Provided entries:
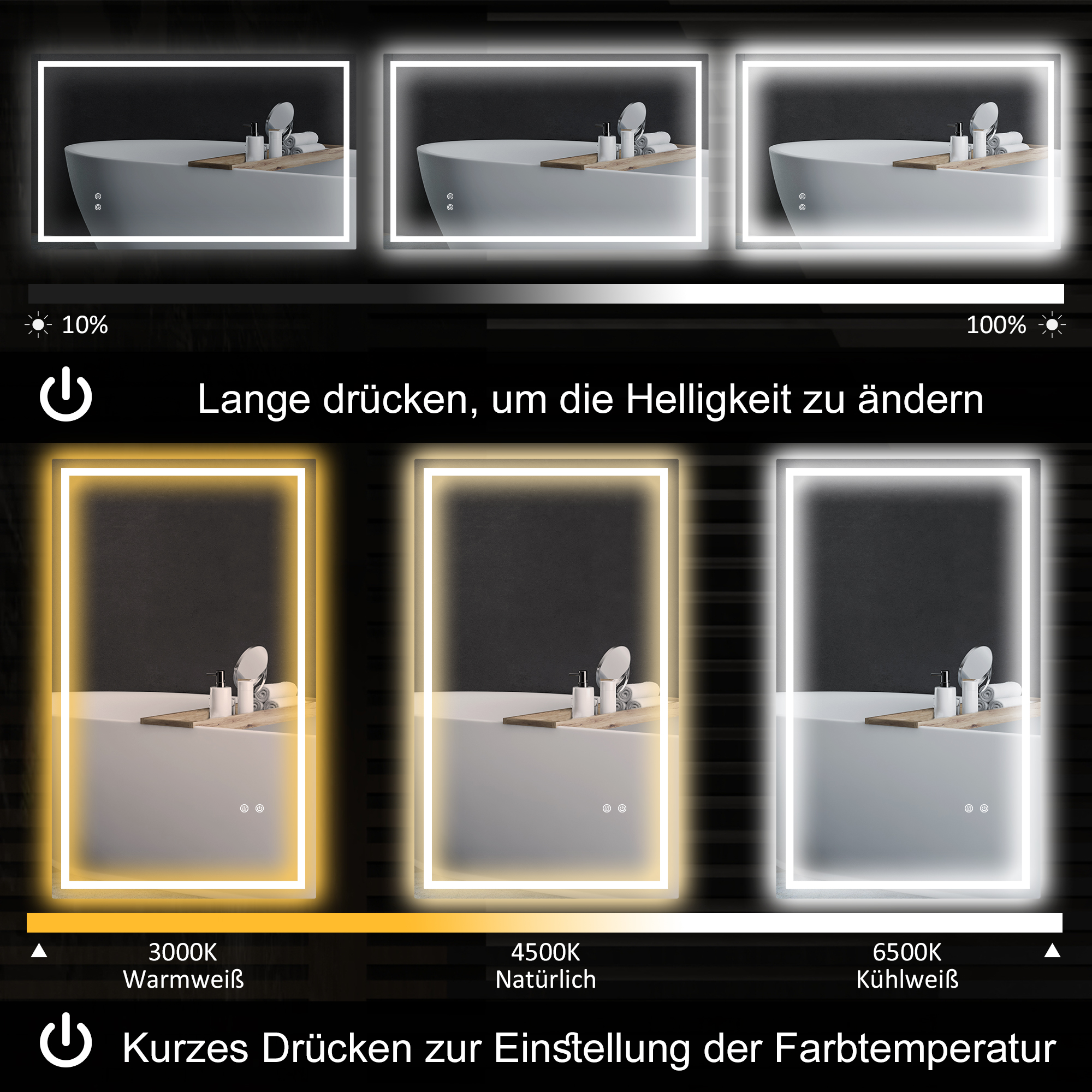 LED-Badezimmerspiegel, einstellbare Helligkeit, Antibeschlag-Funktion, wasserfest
==
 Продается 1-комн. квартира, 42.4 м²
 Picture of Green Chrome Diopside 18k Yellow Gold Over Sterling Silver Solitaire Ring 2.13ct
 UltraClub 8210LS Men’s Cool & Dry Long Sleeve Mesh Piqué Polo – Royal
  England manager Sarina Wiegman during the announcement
* * *
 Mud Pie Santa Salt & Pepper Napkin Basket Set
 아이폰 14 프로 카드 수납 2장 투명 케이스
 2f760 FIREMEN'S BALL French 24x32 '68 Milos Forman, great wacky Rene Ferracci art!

Work order: What you give back should be exactly the lines of the data above from the line with "Picture of Green" through the line with "England manager Sarina", both of those included, and nothing more.

Solution for this exercise:
 Picture of Green Chrome Diopside 18k Yellow Gold Over Sterling Silver Solitaire Ring 2.13ct
 UltraClub 8210LS Men’s Cool & Dry Long Sleeve Mesh Piqué Polo – Royal
  England manager Sarina Wiegman during the announcement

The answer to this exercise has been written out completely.